To me, the most glaring of these is what Sir Max presents as the rationale for the ongoing Allied interest in Malta and the significant effort expended in its relief. In a word, he sees the reasons as moral rather than strategic. As he explains, "Winston Churchill understood better than did most of his commanders that the moral issues at stake in the conduct of a war are quite as great as the material ones. No battle can be justly assessed by a mere profit-and-loss account of casualties, of tanks, aircraft, ships destroyed. Perception is also critical and often decisive. The British display of will, fighting the surviving vessels of Pedestal through to Malta despite repeated onslaughts and punitive losses, gave victory to the allied cause." So, the Allies relieved Malta and continued to hold it for the optics, and the only benefit was political.

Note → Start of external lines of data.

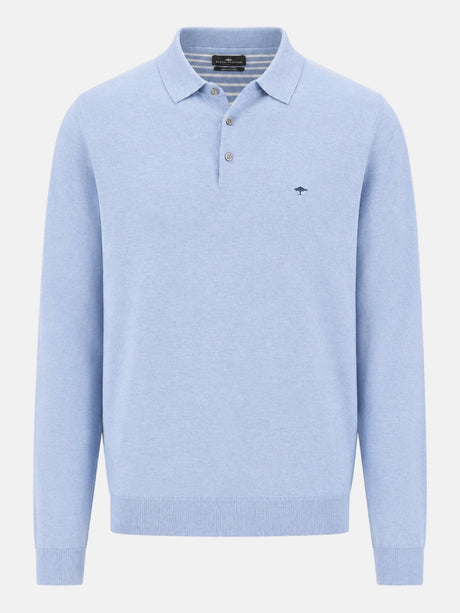 FYNCH HATTON Polo Collar Sweater - Men's Fine Knit Air Cotton – Air Blue - front view
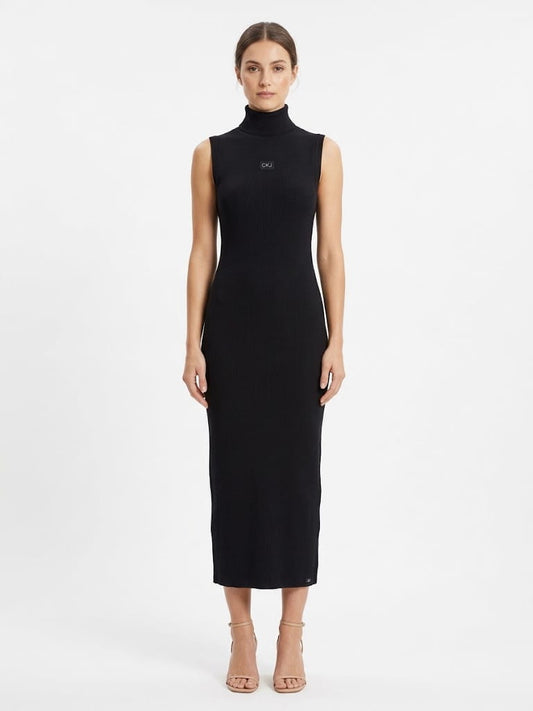 Vestido Calvin Klein Midi Regata Preto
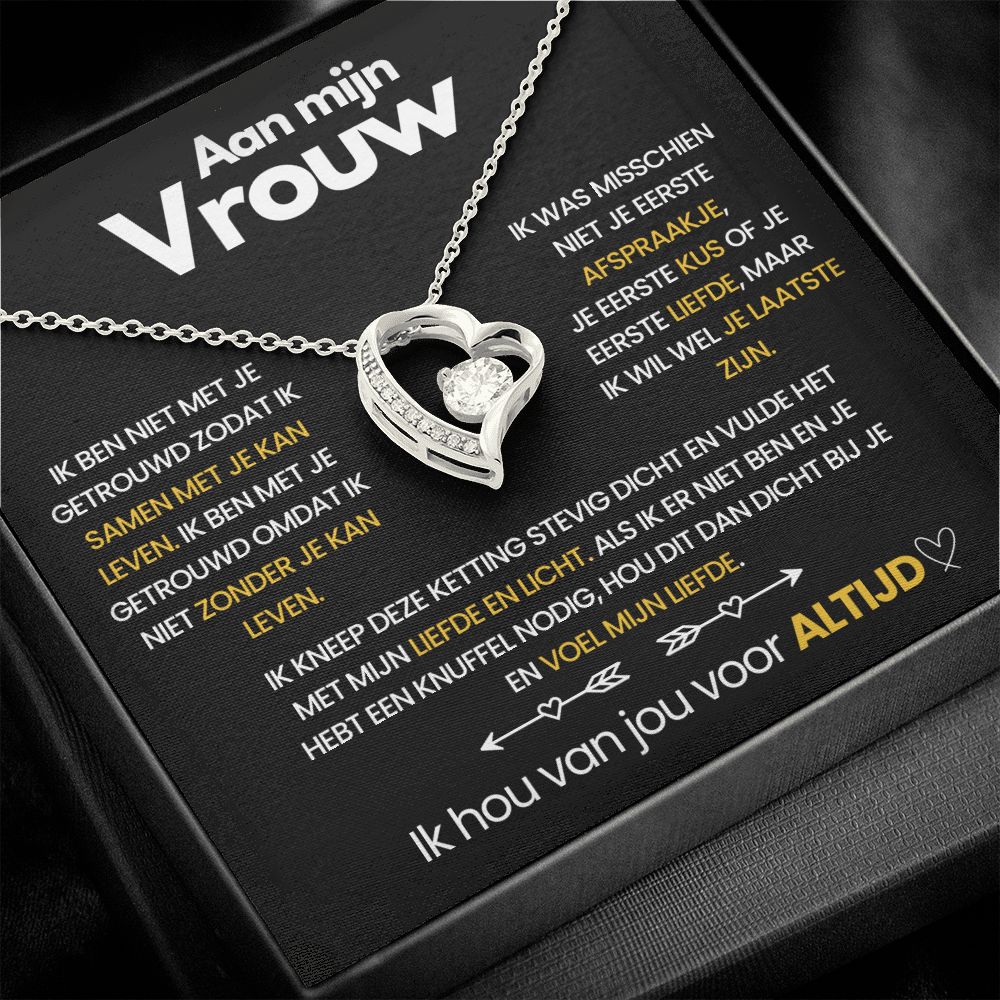 Hanger Ketting met Hartvormige Zirkonia Steen - Ella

This strikes me as inadequate and incomplete, failing to take account of Malta's strategic significance. Why does Sir Max give so little credence to these other aspects of its importance? The explanation can be found in the following: "Beyond the Straits of Gibraltar the island of Malta, less than sixty miles south of Sicily, was the only surviving British bastion in the central Mediterranean. It had been subjected to blockade and bombardment so relentless that the population and garrison were half starved; its usefulness as a naval and air base was almost extinguished. It was argued by some unsentimental allied officers that the island might best be surrendered to the enemy, who could then accept the burden of feeding its people. If the Russians pulled through, and when the full weight of American industrial might was committed, the issue of who held this Mediterranean pimple would become unimportant...Strip the global struggle to its essentials: between the June 1940 Nazi triumph in France and the allied landings in Normandy four years later, the British and American armies achieved little of importance against the Germans. The North African and Italian land campaigns were indispensable preliminaries to what came later for the Western allies, but remained marginal by comparison with the titanic clashes in the east, between the hosts of Hitler and Stalin."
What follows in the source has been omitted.